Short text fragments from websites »

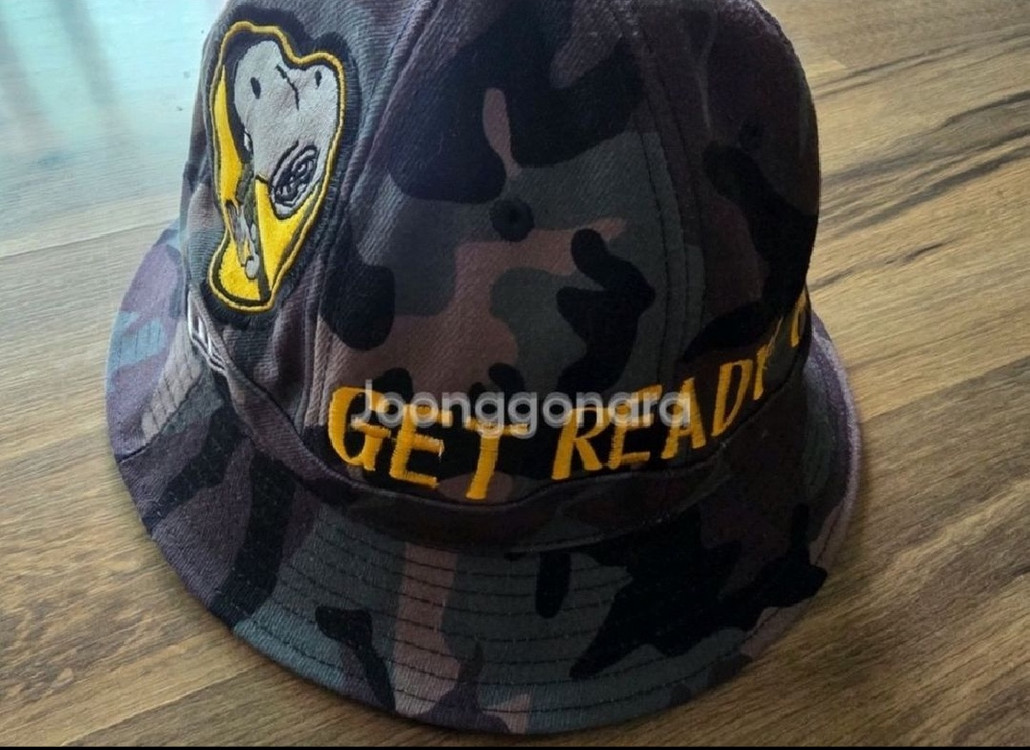 (가격인하) 베트남전 스누피 일본 복각 카모 버켓햇 7과 1/2 모자 버킷햇 이미지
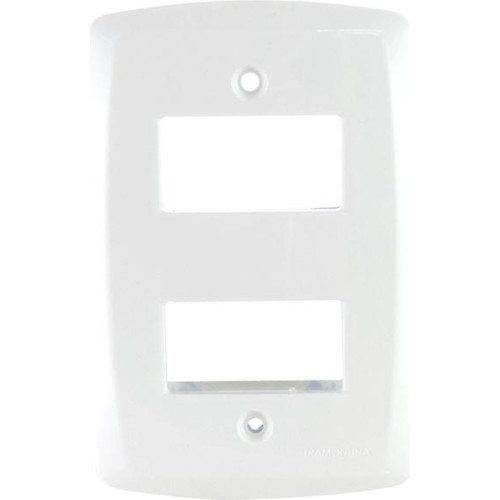 Tramontina Eletrica Placa Tram.Lux 4X2 2Md.Dist-105/206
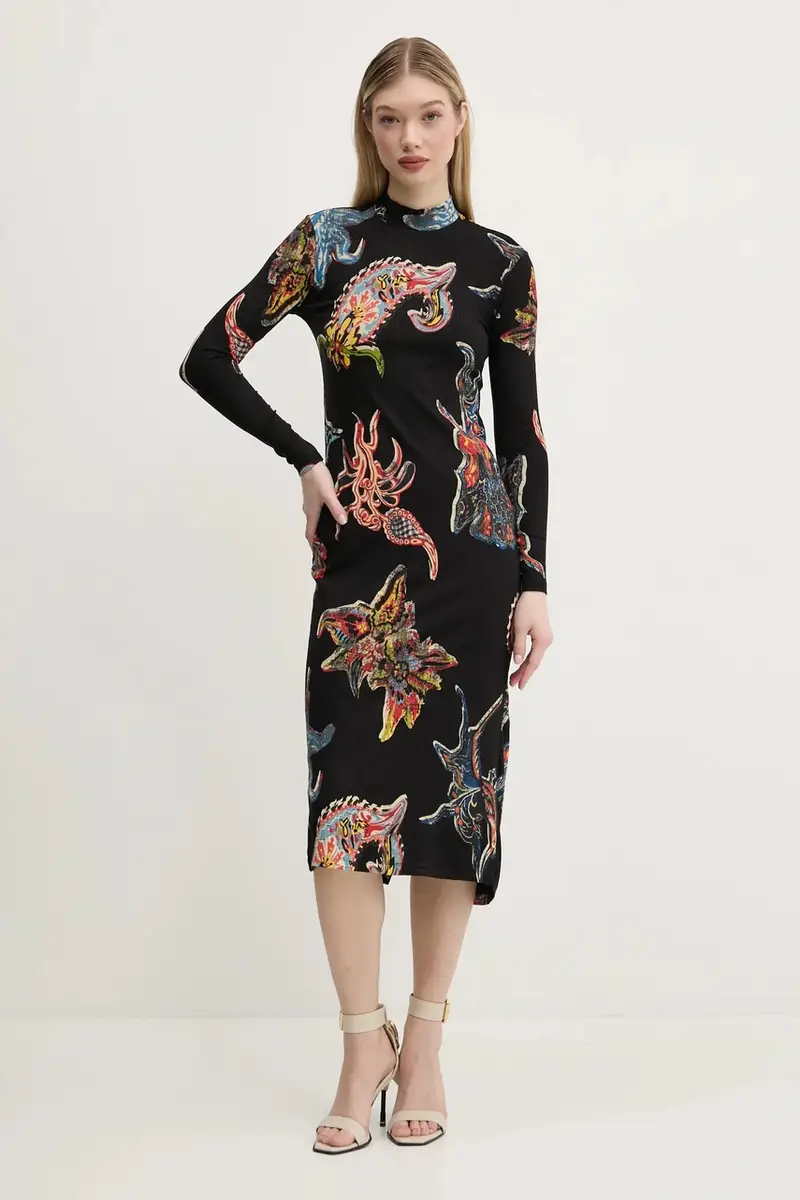 vestito MELTED PAISLEYS_LACROI colore nero 25SWVK31 miniatura 2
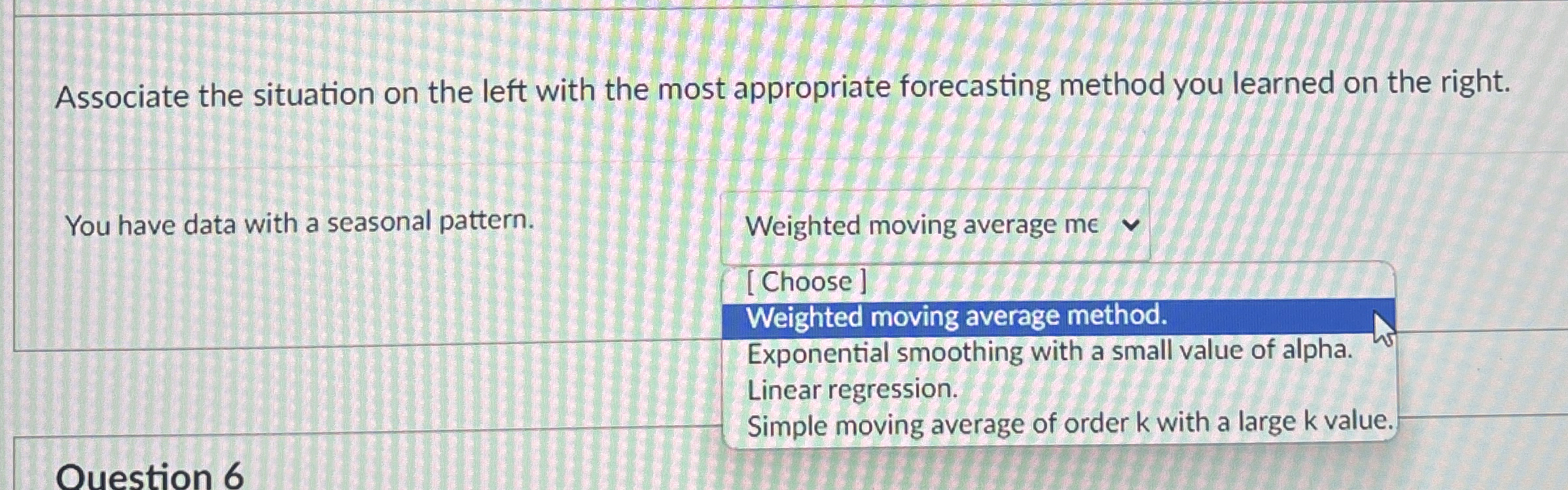 Associate the situation on the left with the most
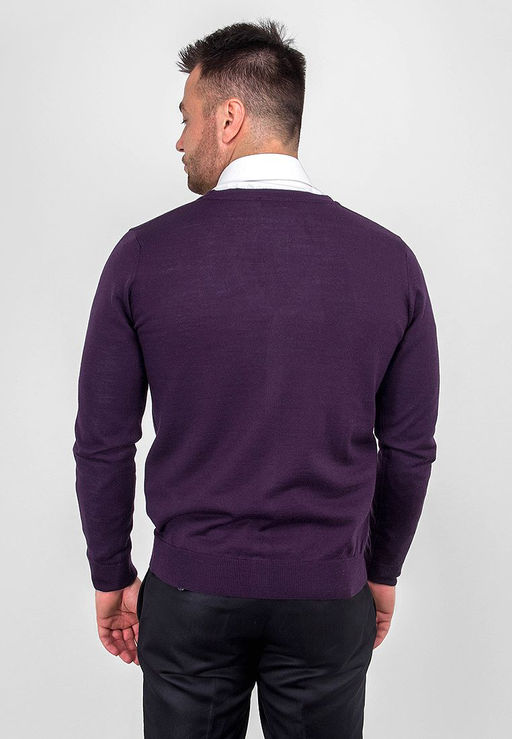 Кардиган мужской GREG G135-1734 (фиолетовый)  фото 6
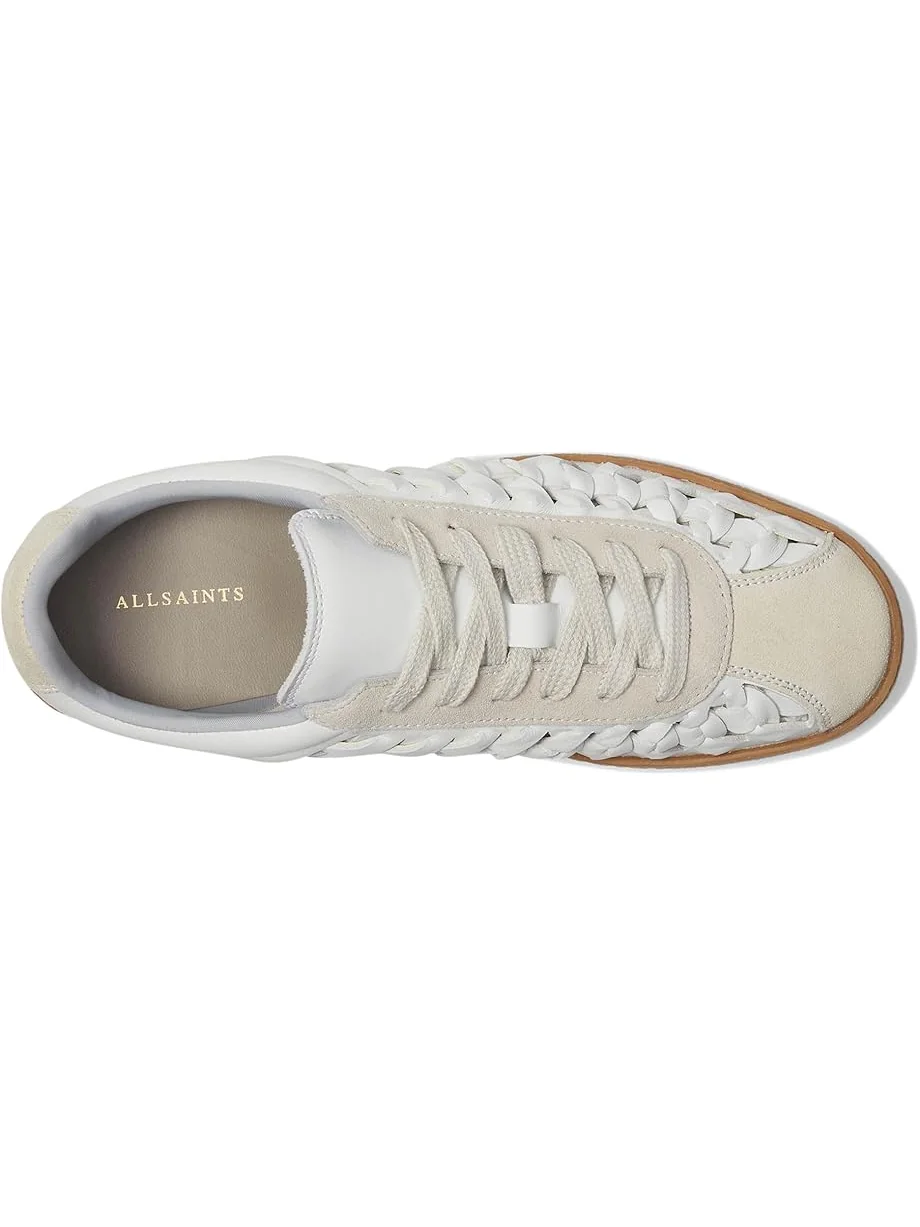 Кроссовки AllSaints Velma Woven Sneakers — изображение 2 из 7, белый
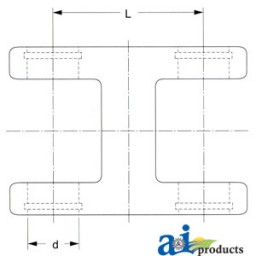 W040388 - Implement Yoke, Double 	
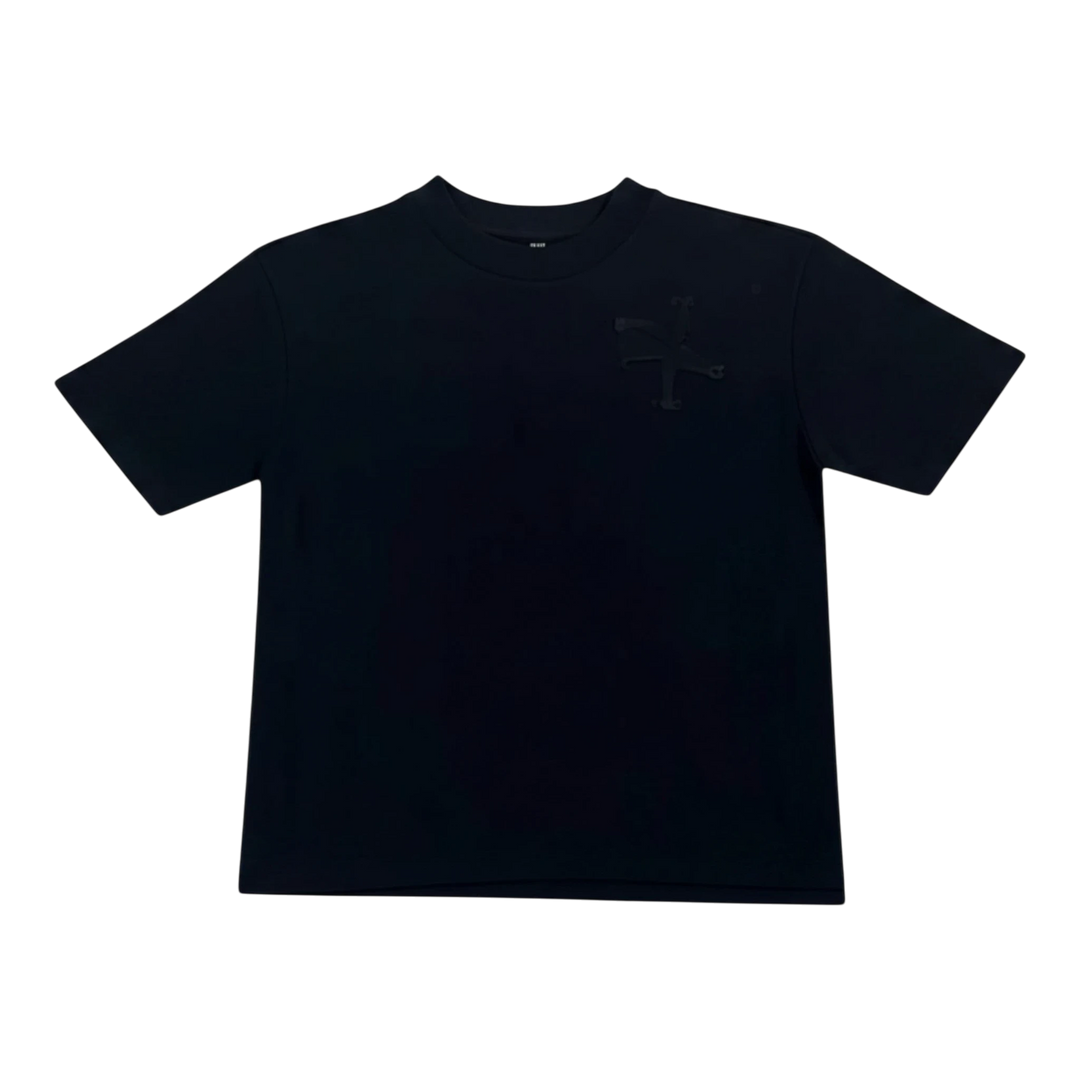 HypeSelection black cotton blend t-shirt for women with crew neck and subtle chest logo. Lightweight and breathable.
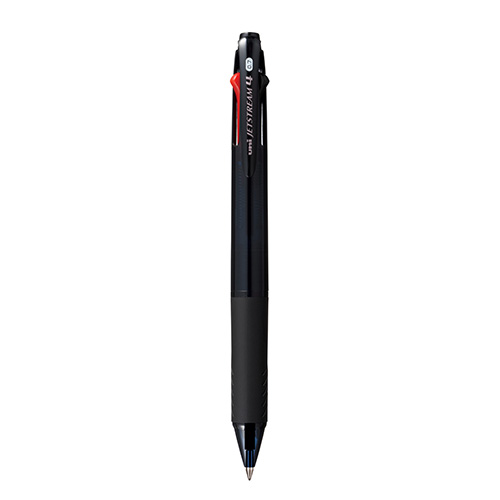 【三菱鉛筆】ジェットストリーム　４色ボールペン０．７（黒・赤・青・緑）（透明ブラック） １本/SXE450007T.24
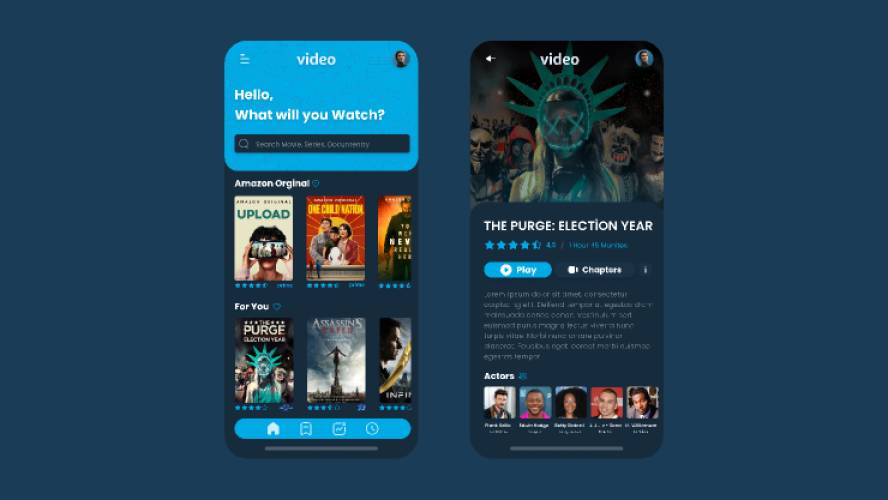 Amazon Prime Video Mobile UI&UX Design Figma Template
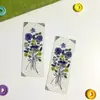 Etiqueta de Tarjeta Transparente para Mascotas Estampado en Caliente con Agujero para Colgar Estilo Chino Impresión de Flores Tarjeta para Colgar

WHAT IS BEING ASKED » Leave out all pictures and output each line exactly, from the top of the records through the line that holds "W040388 - Implement Yoke, Double".

WRITTEN SOLUTION »
 (가격인하) 베트남전 스누피 일본 복각 카모 버켓햇 7과 1/2 모자 버킷햇 이미지
 Tramontina Eletrica Placa Tram.Lux 4X2 2Md.Dist-105/206
 vestito MELTED PAISLEYS_LACROI colore nero 25SWVK31 miniatura 2
 Associate the situation on the left with the most
 Кардиган мужской GREG G135-1734 (фиолетовый)  фото 6
 Кроссовки AllSaints Velma Woven Sneakers — изображение 2 из 7, белый
 W040388 - Implement Yoke, Double 	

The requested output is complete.